Такой беспечности Ромуло Гальегосу не простили. 24 ноября 1948 г. военные заговорщики отстранили его от власти. Часть министров была арестована, часть перешла на нелегальное положение. Бетанкур укрылся в посольстве Колумбии. Правительство de facto возглавил майор Карлос Дельгадо Чальбо, которого Гальегос знал с юных лет и которому безоговорочно доверял.

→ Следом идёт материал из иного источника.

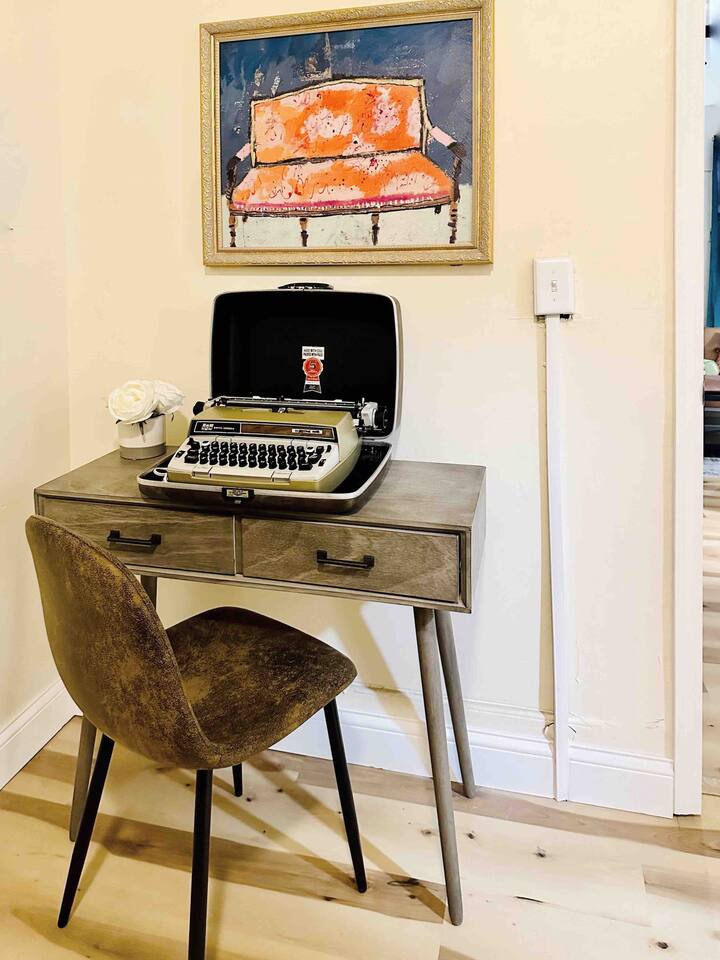 The Cardinal 810 A | KING 1BD/1BA Apt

Чальбо был "белой вороной" в военной среде, интеллектуалом, получившим великолепное образование в Париже. В посольстве США его ценили. В период правления Революционной хунты он был министром обороны и регулярно информировал американцев о главной внутриполитической проблеме того времени: трениях между гражданскими и военными членами правительства. В беседе с новым послом США Уолтером Доннели (декабрь 1948 г.) Чальбо подробно изложил ему планы будущего военного правительства, дал гарантии полной лояльности Соединенным Штатам, а также обещал прервать отношения с Советским Союзом.
Чальбо пробыл в президентском кресле почти два года, но последнего пункта обещания так и не выполнил. Может быть, потому, что в деятельности советских дипломатов не было ничего "криминального"? Чтобы ускорить поиск "компромата", в мае 1950 г. за посольством было установлено круглосуточное наружное наблюдение. В целях запугивания у его посетителей проверялись документы, их опрашивали, фотографировали.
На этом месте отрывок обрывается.